- EXERCISE OBJECTIVE
Quote exactly the lines spanning from the top of the data below to the line that contains "trip sunrise gunung guntur potrait", including both.

--- START ---

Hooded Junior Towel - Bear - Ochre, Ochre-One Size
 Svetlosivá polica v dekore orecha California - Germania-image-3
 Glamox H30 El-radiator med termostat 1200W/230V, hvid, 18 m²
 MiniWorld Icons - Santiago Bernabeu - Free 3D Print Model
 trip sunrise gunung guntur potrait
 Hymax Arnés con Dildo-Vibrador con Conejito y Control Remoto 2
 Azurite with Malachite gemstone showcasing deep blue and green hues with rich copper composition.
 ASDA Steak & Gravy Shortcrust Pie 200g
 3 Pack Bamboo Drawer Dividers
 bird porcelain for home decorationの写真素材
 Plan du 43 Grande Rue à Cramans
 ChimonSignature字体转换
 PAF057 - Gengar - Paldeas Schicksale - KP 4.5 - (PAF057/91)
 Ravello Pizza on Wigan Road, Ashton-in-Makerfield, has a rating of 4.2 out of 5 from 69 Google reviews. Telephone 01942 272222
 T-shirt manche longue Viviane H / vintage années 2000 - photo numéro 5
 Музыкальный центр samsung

--- END ---

- SOLUTION FOR THIS PROBLEM
Hooded Junior Towel - Bear - Ochre, Ochre-One Size
 Svetlosivá polica v dekore orecha California - Germania-image-3
 Glamox H30 El-radiator med termostat 1200W/230V, hvid, 18 m²
 MiniWorld Icons - Santiago Bernabeu - Free 3D Print Model
 trip sunrise gunung guntur potrait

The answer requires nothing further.